FORTUNATO LAYAGUE v. CONCEPCION PEREZ DE ULGASAN +

DECISION

109 Phil. 945

[ G.R. No. L-13666, October 31, 1960 ]

FORTUNATO LAYAGUE AND SANTIAGO ROMBO, PLAINTIFFS AND APPELLEES, VS. CONCEPCION PEREZ DE ULGASAN, IN HER CAPACITY AS ADMINISTRATRIX OF THE INTESTATE OF ALIPIA PEREZ, DEFENDANT AND APPELLANT.

D E C I S I O N

GUTIERREZ DAVID, J.:

On July 29, 1949, Fortunato Layague and Santiago Rombo filed with the Court of First Instance of Negros Occidental an action for declaratory relief against Concepcion Perez de Ulgasan, the judicial administratrix of the estate of the deceased Alipia Perez, praying that the deeds of sale, annexes "A", "C" and "E" of the complaint-wherein certain portions of real property under administration were sold to them by the heirs of the deceased in 1946-be declared legal and valid and that the same be confirmed. The complaint alleged, among other things, that prior to the sales sought to be declared valid, the real estate was partitioned by the heirs among themselves and by virtue of such partition, the heirs took possession of their respective shares.

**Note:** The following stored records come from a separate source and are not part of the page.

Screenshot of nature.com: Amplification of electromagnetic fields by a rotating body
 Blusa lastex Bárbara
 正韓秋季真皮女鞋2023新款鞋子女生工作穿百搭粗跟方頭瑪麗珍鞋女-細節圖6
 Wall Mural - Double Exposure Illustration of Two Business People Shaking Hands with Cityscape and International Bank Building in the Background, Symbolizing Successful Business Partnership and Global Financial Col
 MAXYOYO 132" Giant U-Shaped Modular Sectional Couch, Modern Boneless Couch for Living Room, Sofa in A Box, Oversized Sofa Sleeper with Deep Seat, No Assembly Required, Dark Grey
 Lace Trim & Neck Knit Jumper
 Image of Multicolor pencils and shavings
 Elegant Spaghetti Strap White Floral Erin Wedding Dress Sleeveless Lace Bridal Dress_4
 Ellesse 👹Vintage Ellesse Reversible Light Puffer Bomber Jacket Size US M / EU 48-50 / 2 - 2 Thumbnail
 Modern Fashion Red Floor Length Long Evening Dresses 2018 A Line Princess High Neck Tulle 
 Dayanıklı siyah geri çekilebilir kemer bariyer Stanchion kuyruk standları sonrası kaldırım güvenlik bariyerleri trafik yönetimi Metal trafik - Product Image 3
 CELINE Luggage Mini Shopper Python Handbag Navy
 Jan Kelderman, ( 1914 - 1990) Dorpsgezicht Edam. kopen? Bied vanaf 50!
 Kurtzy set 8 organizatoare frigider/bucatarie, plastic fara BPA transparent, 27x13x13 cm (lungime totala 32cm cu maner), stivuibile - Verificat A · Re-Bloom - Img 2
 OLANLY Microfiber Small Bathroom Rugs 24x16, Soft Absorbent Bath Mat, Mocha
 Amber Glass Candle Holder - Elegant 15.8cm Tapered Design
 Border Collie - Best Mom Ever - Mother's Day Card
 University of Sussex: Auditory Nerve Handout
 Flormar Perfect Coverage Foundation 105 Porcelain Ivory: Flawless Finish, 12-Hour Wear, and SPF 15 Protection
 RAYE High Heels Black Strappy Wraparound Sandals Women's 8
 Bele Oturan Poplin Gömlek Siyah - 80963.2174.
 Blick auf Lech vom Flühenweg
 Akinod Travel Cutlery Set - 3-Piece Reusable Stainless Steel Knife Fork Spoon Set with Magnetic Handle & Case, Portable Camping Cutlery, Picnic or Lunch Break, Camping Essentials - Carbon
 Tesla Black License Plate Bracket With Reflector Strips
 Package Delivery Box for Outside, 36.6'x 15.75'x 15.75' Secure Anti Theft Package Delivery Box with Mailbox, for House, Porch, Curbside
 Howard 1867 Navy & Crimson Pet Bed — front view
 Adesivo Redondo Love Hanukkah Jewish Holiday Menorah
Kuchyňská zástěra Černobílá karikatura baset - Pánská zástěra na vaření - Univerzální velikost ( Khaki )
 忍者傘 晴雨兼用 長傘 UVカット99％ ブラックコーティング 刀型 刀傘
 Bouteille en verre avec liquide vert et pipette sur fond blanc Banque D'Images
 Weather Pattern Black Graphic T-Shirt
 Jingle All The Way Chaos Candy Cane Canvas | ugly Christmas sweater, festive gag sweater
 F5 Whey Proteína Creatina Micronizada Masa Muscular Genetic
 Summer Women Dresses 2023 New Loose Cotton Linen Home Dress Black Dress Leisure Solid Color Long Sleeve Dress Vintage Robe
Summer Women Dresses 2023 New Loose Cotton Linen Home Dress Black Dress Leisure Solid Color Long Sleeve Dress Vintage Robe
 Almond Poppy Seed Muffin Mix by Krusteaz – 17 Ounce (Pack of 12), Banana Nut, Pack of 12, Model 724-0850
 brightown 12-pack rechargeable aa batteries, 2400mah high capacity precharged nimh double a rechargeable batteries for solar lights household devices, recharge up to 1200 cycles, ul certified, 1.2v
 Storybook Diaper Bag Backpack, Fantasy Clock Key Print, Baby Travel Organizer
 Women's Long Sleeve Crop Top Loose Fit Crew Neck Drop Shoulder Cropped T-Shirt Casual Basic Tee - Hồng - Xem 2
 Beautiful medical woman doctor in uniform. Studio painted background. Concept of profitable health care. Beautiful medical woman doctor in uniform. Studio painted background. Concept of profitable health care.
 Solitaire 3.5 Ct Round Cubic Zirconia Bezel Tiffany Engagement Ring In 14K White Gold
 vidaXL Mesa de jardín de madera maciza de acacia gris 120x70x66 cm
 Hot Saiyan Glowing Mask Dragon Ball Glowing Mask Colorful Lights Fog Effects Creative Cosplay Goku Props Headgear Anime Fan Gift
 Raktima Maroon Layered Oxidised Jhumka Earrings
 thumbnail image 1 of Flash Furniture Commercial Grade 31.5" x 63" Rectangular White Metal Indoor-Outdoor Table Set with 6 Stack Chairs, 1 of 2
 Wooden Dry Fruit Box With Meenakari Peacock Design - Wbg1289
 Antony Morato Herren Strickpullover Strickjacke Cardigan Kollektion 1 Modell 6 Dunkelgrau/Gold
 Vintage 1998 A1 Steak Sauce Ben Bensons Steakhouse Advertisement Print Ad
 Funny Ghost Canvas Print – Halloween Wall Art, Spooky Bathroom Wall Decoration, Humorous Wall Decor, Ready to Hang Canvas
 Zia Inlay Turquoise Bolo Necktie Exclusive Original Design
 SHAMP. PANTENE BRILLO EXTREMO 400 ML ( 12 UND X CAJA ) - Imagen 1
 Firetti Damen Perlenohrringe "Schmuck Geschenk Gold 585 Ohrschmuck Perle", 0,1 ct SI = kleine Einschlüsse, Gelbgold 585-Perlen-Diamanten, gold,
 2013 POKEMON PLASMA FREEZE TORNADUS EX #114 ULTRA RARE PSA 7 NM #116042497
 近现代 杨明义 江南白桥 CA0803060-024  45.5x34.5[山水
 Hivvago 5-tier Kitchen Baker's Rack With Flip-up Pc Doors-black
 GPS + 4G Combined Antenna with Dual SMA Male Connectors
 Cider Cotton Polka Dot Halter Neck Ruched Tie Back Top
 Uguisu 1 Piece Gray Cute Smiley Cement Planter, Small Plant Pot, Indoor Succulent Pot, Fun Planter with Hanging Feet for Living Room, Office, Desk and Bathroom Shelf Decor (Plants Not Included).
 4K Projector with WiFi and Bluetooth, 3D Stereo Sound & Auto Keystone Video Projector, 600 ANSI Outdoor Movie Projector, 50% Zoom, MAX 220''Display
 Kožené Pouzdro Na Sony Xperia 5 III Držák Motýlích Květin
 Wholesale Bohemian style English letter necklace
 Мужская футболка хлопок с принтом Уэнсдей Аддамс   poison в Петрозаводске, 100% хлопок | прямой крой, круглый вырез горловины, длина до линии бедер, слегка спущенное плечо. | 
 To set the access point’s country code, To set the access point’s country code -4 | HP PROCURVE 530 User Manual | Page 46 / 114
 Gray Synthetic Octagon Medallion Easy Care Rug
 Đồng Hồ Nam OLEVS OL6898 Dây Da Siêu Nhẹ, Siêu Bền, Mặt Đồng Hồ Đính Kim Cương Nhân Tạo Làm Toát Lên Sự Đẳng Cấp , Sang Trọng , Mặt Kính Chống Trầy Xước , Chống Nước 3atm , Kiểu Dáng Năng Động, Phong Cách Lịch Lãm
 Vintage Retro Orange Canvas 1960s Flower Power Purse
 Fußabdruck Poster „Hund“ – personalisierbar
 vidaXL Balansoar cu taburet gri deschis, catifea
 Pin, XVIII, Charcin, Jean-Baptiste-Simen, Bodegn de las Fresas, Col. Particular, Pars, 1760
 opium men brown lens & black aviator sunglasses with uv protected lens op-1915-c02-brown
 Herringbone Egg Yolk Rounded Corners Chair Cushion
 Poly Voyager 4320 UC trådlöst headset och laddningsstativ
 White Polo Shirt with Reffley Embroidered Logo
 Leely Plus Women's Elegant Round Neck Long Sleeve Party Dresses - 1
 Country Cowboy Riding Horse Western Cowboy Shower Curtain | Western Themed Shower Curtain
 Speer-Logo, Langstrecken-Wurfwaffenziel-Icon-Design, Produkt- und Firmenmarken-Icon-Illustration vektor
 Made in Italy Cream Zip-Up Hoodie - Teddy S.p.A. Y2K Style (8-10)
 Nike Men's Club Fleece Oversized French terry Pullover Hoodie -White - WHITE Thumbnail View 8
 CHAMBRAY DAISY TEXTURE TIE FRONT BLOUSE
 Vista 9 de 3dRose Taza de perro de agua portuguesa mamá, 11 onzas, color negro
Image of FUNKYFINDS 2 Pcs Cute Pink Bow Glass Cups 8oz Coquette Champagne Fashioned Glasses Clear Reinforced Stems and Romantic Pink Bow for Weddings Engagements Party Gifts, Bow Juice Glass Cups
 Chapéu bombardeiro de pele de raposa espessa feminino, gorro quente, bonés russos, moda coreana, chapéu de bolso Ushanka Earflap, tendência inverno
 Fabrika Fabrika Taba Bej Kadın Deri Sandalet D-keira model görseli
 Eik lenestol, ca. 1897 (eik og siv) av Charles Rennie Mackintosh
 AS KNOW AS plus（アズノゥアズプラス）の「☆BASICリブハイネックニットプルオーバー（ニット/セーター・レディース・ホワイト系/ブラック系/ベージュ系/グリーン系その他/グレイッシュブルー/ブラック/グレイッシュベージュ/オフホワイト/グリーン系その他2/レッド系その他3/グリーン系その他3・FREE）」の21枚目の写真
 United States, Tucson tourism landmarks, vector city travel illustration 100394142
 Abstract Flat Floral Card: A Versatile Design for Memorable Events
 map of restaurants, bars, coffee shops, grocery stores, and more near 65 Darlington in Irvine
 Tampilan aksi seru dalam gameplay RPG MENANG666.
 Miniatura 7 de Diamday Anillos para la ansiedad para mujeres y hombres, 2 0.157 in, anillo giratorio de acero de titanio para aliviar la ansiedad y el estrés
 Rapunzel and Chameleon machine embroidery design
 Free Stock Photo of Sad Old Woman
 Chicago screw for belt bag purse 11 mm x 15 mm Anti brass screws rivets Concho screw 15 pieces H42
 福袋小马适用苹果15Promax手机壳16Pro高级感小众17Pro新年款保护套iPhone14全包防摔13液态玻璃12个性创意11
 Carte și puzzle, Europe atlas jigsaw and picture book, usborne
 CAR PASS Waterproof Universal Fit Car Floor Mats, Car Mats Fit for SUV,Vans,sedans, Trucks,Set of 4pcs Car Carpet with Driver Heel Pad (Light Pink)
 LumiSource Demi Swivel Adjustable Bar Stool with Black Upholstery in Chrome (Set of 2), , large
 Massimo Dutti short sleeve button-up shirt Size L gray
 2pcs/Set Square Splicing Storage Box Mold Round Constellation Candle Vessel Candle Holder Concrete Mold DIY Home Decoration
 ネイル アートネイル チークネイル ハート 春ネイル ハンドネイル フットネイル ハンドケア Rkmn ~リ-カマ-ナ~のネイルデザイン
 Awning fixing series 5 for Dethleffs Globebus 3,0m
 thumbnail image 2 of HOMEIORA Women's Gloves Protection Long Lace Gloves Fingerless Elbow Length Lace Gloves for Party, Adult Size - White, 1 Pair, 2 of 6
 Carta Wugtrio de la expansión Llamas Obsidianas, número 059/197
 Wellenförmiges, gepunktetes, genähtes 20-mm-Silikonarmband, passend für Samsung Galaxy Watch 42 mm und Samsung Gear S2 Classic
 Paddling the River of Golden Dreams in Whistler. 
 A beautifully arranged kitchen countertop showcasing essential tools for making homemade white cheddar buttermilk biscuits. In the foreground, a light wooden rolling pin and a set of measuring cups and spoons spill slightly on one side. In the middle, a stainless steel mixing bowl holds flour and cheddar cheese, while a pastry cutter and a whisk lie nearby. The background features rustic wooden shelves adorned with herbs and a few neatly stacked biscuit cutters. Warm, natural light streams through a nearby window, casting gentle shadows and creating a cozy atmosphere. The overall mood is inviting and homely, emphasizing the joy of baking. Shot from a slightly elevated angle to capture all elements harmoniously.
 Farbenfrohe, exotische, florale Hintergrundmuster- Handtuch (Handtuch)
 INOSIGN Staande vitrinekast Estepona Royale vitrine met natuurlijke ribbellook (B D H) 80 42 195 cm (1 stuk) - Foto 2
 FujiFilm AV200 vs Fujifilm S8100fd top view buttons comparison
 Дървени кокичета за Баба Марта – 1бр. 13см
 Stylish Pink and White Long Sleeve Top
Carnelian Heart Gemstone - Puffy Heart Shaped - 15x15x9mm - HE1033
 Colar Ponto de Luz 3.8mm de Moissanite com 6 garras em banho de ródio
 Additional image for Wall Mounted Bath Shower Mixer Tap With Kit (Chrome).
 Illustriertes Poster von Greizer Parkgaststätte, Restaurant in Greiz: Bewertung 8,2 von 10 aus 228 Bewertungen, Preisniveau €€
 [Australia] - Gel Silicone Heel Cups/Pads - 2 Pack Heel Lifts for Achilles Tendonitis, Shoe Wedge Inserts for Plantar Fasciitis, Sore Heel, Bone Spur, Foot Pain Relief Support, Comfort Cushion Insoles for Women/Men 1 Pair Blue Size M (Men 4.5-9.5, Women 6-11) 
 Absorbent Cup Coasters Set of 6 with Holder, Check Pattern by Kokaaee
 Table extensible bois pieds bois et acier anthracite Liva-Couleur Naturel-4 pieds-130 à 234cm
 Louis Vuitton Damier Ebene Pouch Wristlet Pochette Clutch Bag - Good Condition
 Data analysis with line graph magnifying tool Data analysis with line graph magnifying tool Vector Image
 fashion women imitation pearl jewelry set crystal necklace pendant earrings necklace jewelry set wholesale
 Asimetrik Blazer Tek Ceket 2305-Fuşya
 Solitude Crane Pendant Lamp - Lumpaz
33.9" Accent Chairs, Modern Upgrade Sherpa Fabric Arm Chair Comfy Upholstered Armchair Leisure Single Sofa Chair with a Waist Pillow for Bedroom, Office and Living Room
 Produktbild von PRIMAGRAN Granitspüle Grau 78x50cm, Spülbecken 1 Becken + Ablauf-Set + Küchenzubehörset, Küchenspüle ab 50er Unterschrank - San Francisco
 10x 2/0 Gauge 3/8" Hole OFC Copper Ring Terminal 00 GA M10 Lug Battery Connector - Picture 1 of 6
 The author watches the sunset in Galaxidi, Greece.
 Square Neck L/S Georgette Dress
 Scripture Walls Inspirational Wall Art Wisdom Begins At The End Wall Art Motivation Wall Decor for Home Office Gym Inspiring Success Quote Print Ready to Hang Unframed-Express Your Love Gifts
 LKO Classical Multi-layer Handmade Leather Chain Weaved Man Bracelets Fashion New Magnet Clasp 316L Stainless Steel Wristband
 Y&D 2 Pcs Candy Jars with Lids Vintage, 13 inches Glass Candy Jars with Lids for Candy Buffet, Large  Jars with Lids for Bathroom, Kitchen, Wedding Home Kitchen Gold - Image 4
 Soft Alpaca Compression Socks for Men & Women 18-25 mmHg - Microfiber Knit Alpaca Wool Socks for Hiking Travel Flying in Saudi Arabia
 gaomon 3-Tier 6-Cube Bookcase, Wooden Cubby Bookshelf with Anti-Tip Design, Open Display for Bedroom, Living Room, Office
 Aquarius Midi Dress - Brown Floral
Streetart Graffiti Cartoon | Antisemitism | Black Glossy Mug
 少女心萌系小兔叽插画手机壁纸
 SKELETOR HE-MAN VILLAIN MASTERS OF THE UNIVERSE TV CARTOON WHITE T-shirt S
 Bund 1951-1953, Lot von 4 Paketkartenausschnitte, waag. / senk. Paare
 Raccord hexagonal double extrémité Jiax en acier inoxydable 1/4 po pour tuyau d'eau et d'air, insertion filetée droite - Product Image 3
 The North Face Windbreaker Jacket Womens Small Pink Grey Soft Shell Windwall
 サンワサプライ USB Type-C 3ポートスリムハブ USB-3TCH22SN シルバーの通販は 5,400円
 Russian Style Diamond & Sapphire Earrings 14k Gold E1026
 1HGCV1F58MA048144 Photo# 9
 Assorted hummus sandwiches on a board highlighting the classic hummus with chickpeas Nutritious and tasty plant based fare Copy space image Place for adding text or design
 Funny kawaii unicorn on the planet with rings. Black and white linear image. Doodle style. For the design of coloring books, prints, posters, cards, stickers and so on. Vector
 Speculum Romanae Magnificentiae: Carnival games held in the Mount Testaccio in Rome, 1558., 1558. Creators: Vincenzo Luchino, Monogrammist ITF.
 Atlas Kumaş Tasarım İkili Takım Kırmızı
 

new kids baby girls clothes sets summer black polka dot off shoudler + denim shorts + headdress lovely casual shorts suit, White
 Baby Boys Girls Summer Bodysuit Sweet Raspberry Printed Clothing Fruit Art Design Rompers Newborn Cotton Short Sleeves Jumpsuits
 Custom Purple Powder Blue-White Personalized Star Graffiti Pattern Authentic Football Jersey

The defendant, in her answer, claimed that the extraju-dicial partition, as well as the sales made by the alleged heirs of Alipia Perez, was null and void. Defendant, therefore, asked for the dismissal of the complaint and, as counterclaim, prayed that for the coconut fruits gathered from the lands plaintiff Fortunato Layague be sentenced to pay P2,700.00 and plaintiff Santiago Rombo, P1,800.00 to the estate of the deceased Alipia Perez, including interests from the commencement of the action, plus costs and expenses of the litigation.

For failure to file an answer to the counterclaim, the plaintiffs were, upon motion of the defendant, declared in default and a date was set for the reception of evidence with respect to the counterclaim.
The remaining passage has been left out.